Mala Leche was created largely to give a different platform to those same artists. Martinez says she had been talking about her dream of such a zine for months before Kodakalla suggested they start it through FUCC. “It just made so much sense because it’s tapping into a network of artists and writers who already have a lot to share.”
Martinez says about half the work in Mala Leche’s first issue was submitted by artists already involved with FUCC, while the other 50 percent came from outside contributors, such as Meesha Goldberg, a painter and writer whose poem “Casualties of the Anthropocene” is one of the issue’s most memorable pieces. “The Earth is made of food / We are one another’s harvest,” Goldberg writes, invoking images of a “shroud of vultures” and deer “strewn & supine” on the highway.
Kodakalla and Martinez had interacted with Goldberg in other capacities—Kodakalla oversaw a 96-foot mural recently completed by Goldberg for the McGuffey Art Center, while Martinez enlisted Goldberg’s help to relocate a stray rooster that had wandered onto her property (the rooster now resides on Goldberg’s farm somewhere “in a secluded valley”). Both were so impressed by the variety and power of Goldberg’s work that they invited her to guest edit Mala Leche’s second issue.
Titled “Fever Dreams of Mother Earth,” its themes hew closely to Goldberg’s poetry and visual work. The issue, which is accepting submissions through February 26, will tackle the “delirium of [Mother Earth’s] dark nights…Mala Leche is conjuring the medicine of Art that we may one morning sweat out our fever and wake from this collective nightmare. Let us lucid dream again!”

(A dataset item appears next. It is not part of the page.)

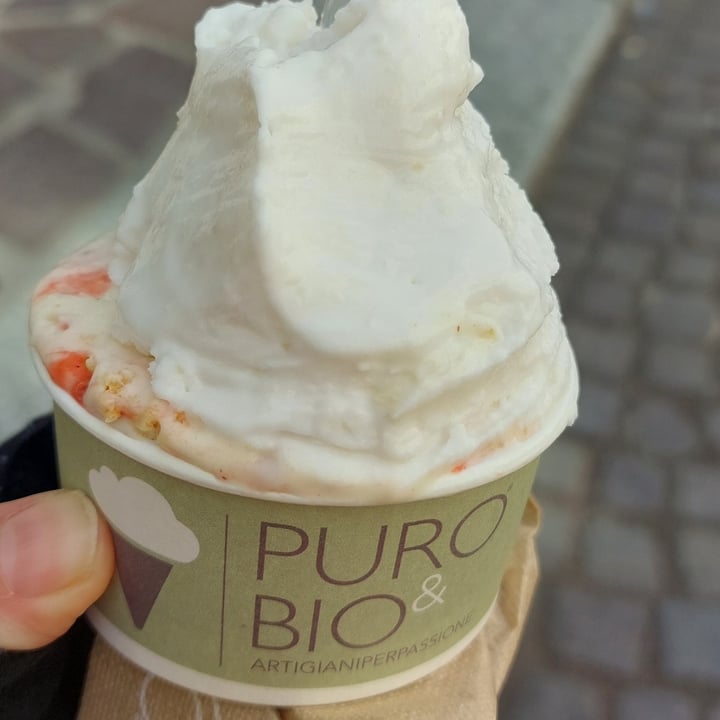 photo of Puro & Bio Gelato Vegan (non Solo Frutta!) shared by @valemnt on  19 Apr 2022 - review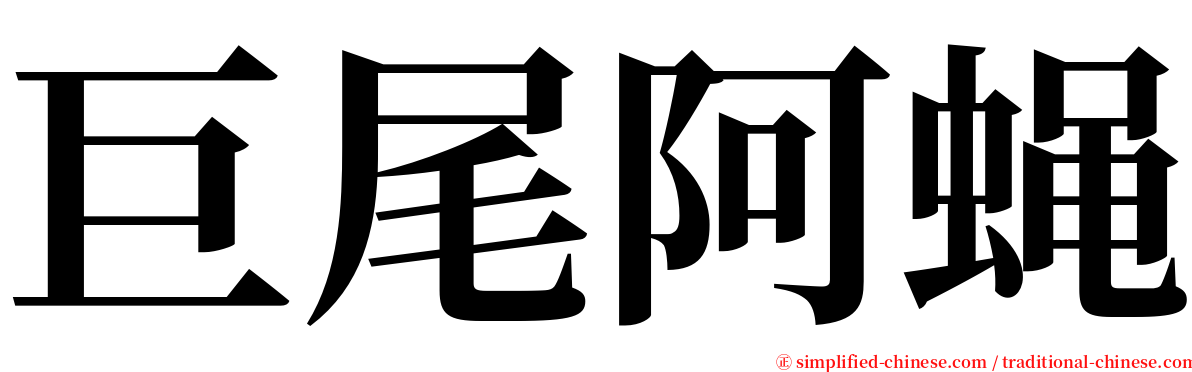 巨尾阿蝇 serif font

Goldberg says she was drawn to the zine for its “strong, perverse tension” and the ways it’s positioned to highlight “sickness in society.” And nothing is sicker in society right now, she argues, than Mother Earth. “So many of our social problems come from cultural disconnection with the land.”
An important aspect of Mala Leche that its creators want to emphasize is that the zine is in black-and-white, so those interested in submitting should plan their artwork accordingly. It imposes a limit when printing visual content—Goldberg herself boasts many vivid, hyperrealistic paintings in her body of work, and to reprint them on such a scale wouldn’t do them justice—but Kodakalla and Martinez maintain that the very existence of Mala Leche is cause for celebration: In addition to giving deserving artists a platform, it pays them too, thanks to the Bridge PAI’s fiscal sponsorship.
The editors are excited about the radical and sometimes revolutionary submissions received by Mala Leche. They’re never sure what to expect, and both agree that the unknown is part of the appeal.
“We’re not really looking for any one particular vision,” Kodakalla says.
“Right now is the time to dream the new world up,” Martinez agrees. “There isn’t one answer as to what that world should look like.”